Терпела обитель и еще многие напасти. Кроме мордвы, приходили в пустынь и поправляли ее «воровские люди», нередко из соседних деревень. Мордва теснила ее «относительно жалованной земли с лесом и угодьями», которые «поганые терюхана» привыкли, конечно, считать своими. Наконец, и от своих жалованных крестьян терпела пустынь, по выражению иеромонаха Макария, «упорство в повиновении». Упорство это доходило до того, что в 1745 году монастырские крестьяне из Нижегородской губернии убежали, чтобы не платить положенного оброка, и поселились в Пензенской и Саратовской губерниях. Во всех этих напастях, кроме заступления богородицы, пустынь оберегалась также и благочестивым радением благодетелей. Так, перечислив во вкладной грамоте даруемые пустыни земли, один из этих благодетелей скромно говорит: «И на той земле тщанием моим многогрешным собраны из бегов и поселены те беглые крестьяне оной пустыни: Петр Алексеев, у него сын Алексей, а Матфей Алексеев, да Федосий Алексеев, да Сидорка Тимофеев, с женами и детьми. Також прошу и молю, — заключает благочестивый комиссар-жертвователь, — аще наведением супостата нашего впредь от оной обители вкладные крестьяне пожелают на тое землю или в другие места бегать и жить, дабы их ловить и за такое скотское и несмысленное дерзновение жестоко наказывать кнутом, посылать на старое ко оной обители жилище, дабы то святое место паче прославлено было, а не пусто».

Несмотря на эти благочестивые мероприятия с ловлею людей и кнутами, пустынь существовала скудно и трудно. Видно, ни Петр Алексеев, ни Матфей, ни Федосий, ни Сидорка Тимофеев с женами и детьми, ни все жертвованные благочестивыми людьми «души» надлежащим образом к обители не прилежали. «В 1730 году, — как сказано в описи монастырского имущества за тот год, — 4 книги Четьих-Миней заложены у дворянина у Ивана Дмитриева Ленивцева в семи рублях с полтиной… а заложил те книги бывший казначей Иларион, по братскому приговору, на время, ради хлебной нужды…»

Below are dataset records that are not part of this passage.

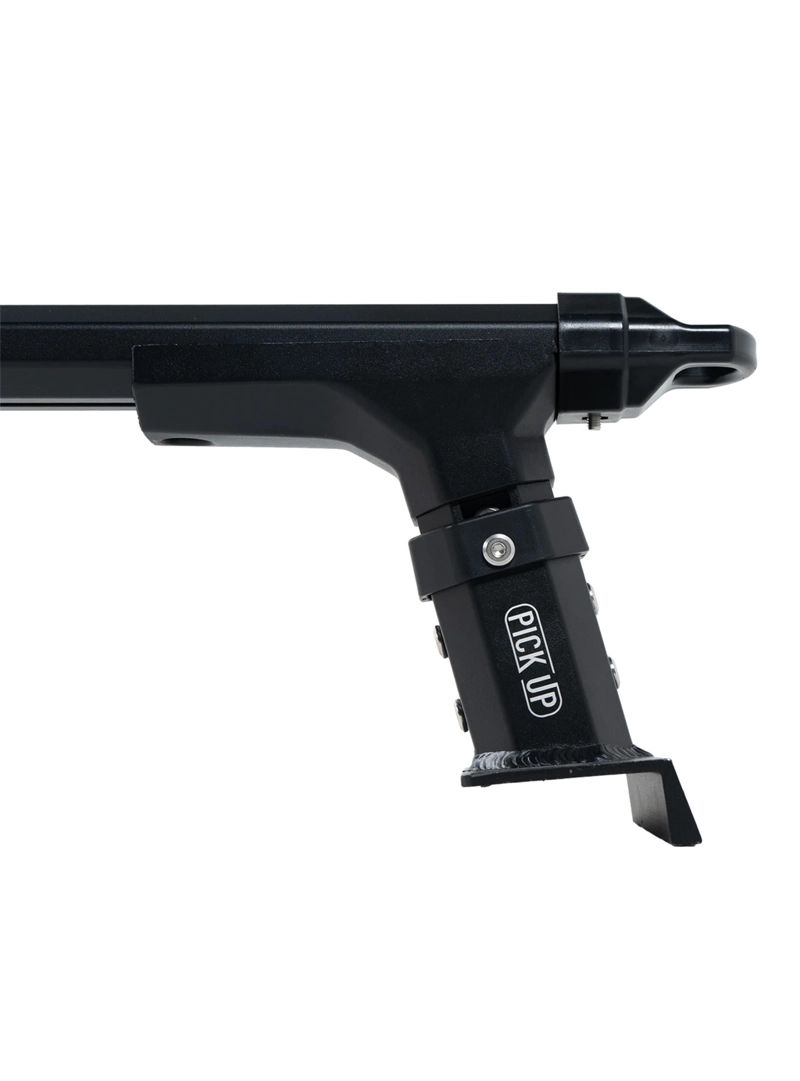 BARRAS TRANSVERSALES AJUSTABLES PARA PICK UP 160 CM - 5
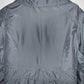 NEWBOAT Chaqueta tipo gabardina con cinturón. Talla 2XL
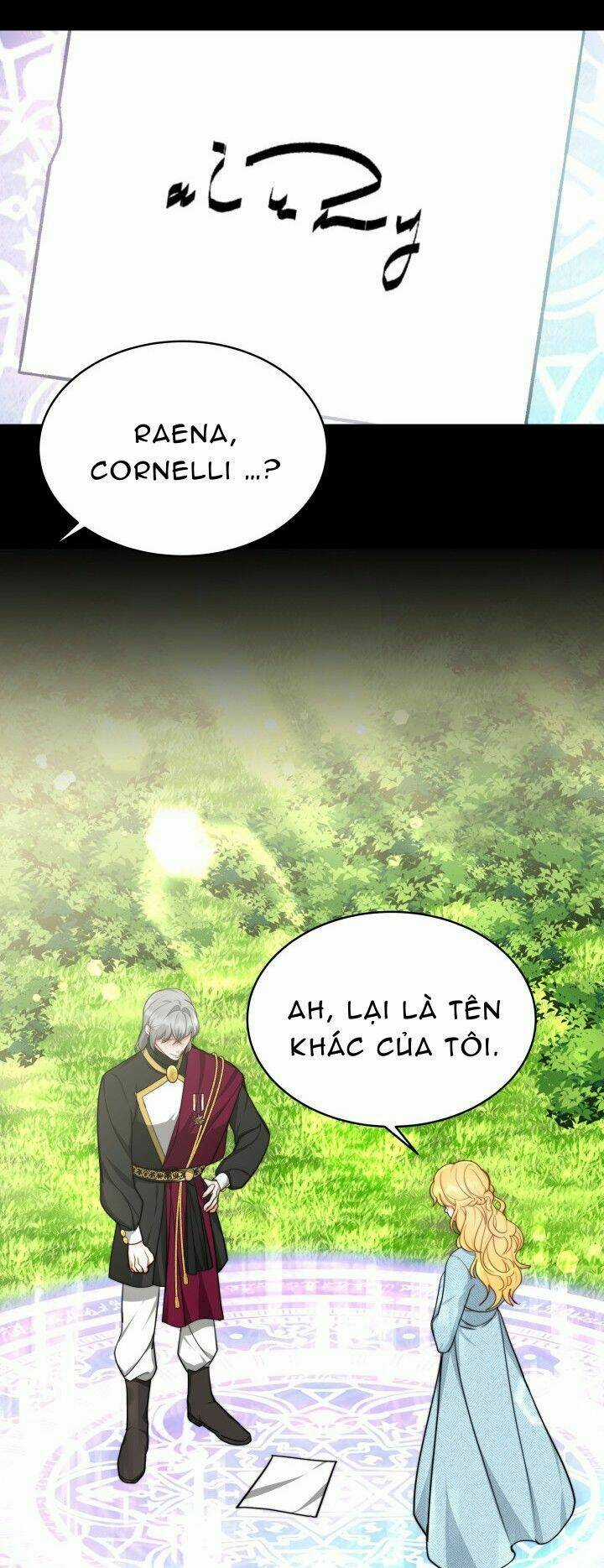 Nam Chính Là Chồng Cũ Của Tôi Chapter 11 trang 35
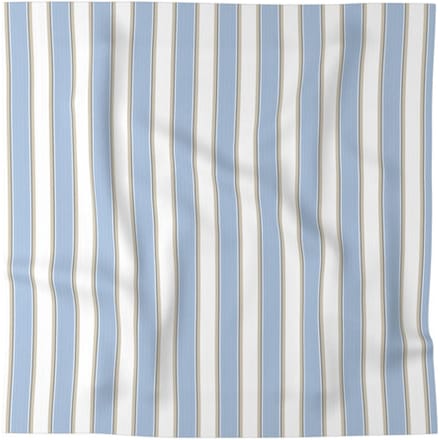 OLYMP Signature Pochet, Bleu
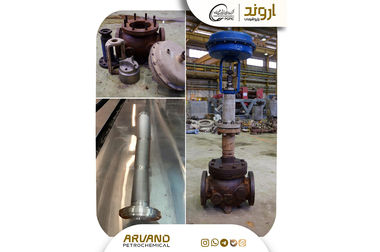 جهش ۳۱۴ درصدی سود پتروشیمی اروند در شش‌ماهه نخست ۱۴۰۴/ رشد ۵۹ درصدی ارزش فروش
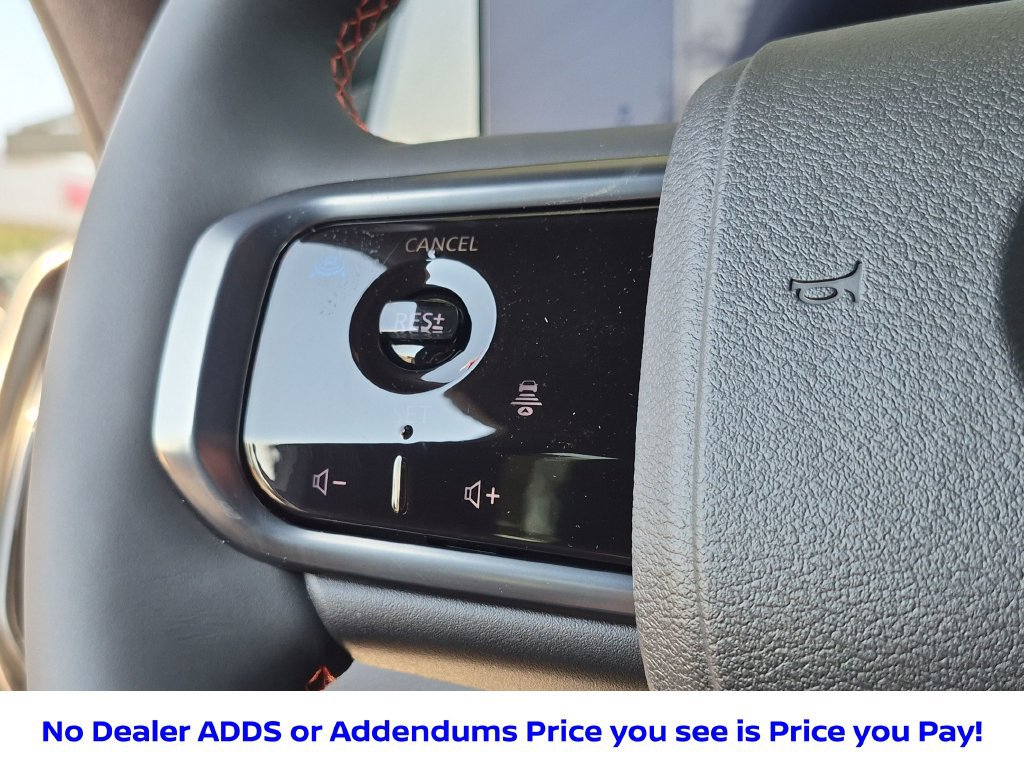 New 2026 Nissan Armada PRO-4X AWD/4WD image 28
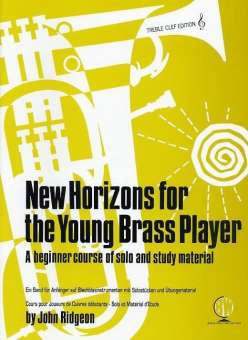 New Horizons for the young Brass Player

В 1764 году, по объявлении монастырских штатов, Оранская пустынь, что на Словенской горе, оставлена за штатом, и крестьяне, а равно и угодья у нее были отобраны. Казалось, начинанию Петра Гляткова, видевшего в тонцем сне будущую славу монастыря на осиянной небесным светом Словенской горе, приходил конец. Но именно с этого времени, когда рабьи Сидоркины и Алешкины души были изъяты из-под монастырского ярма, и начинается период процветания пустыни. «Единственная надежда, — говорит иеромонах-описатель, — была на чудотворную икону божией матери, и надежда эта оправдалась. В 1771 году открылась моровая язва… В самом Нижнем Новгороде целые сотни людей делались жертвами преждевременной смерти… Тогда, не довольствуясь молитвами перед святынею нижегородскою» вспомнили о чудотворной иконе Оранской богоматери, которая по распоряжению епископа Феофана Чарнуцкого и градского начальства, была принесена в Нижний, в кафедральный собор. И вот, во время крестного хода, — повествует Макарий, — над Нижним Новгородом заметили, что носившиеся в воздухе тонкие облака вдруг начали собираться в одно место и сгустились в одно черное облако, понесшееся за Волгу. Вскоре после этого и язва прекратилась. В память этого события благодарные нижегородцы постановили приглашать икону к себе ежегодно и исполнять сей обет свой «в роды родов».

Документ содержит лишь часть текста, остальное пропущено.